Shakespeare's word-play is notorious, and shows alike the good and the bad side of the exercise. Occasionally, it yields humour; at other times, it is nothing but witty surprise, of all degrees of originality and brilliancy; while, again, it is characterized as a tissue of conceits. As displayed in 'Romeo and Juliet,' it is designated by Mr. Dowden as 'the sought-out phrases, the curious antitheses of the amorous dialect of the period'.

Why, then, O brawling love! O loving hate!

O anything, of nothing first create!

O heavy lightness! Serious vanity!

Mis-shapen chaos of well-seeming forms!

Feather of lead, bright smoke, cold fire, sick health!

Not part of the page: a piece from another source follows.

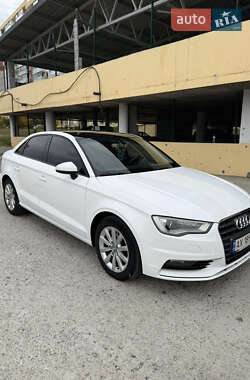 Седан Audi A3 2015 в 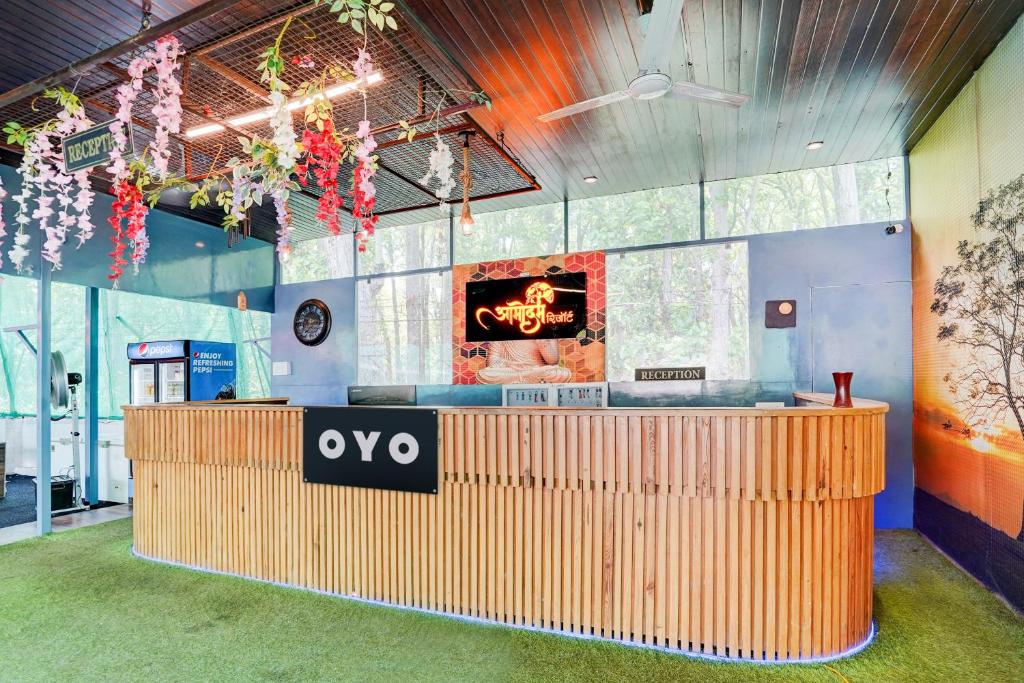 ein Restaurant mit Rezeption in einem Raum in der Unterkunft Hotel O Amodam Resort in Dehradun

Beatrice affords two characteristic specimens of Shakespeare's wit, both on the good side. Flouting matrimony she says:- Adam's sons are my brethren, and, truly, I hold it sin to match in my kindred'; where the effect lies mainly in the dexterous word-play. At another time she turns the point of her uncle's compliment on her perspicacity :— 'I have a good eye, uncle; I can see a church by daylight'; where the effect lies wholly in the conflict of ideas.

In Butler's Hudibras, the most remarkable quality is vituperation, with more or less of the Ridiculous conjoined. The severity is too great for Humour; while the arts employed are not sufficiently expressed by Wit. Of pure play upon words there is not much, except in the forcing of double and triple rhymes. It is the originality of the situations. and the illustrative similitudes that produce the impression, which, however, is weakened by the exaggeration and the intense partisanship of the whole. It is not so much wit as a severe reflection on mankind to say

What makes all doctrines plain and clear?
About two hundred pounds a year.

And that which was proved true before
Prove false again? Two hundred more.

Butler's fertility of crushing similitudes is unsurpassed. Thus

The truest characters of ignorance

Are vanity, and pride, and arrogance;
As blind men use to bear their noses higher

Than those that have their eyes and sight entire.

Voltaire's famous saying on the execution of Admiral Byng, for alleged cowardice in the face of the enemy,-that it was done pour encourager les autres,—is an exquisite play upon words, with an under meaning of sarcastic contradiction. The supposed defect of the admiral being' courage,' the word encourager, by its etymology, would give the remedy, to infuse courage'; by its acquired meaning, it is in glaring contradiction to the use of capital punishment, whose end is to deter in the highest degree. It is a witty and crushing innuendo.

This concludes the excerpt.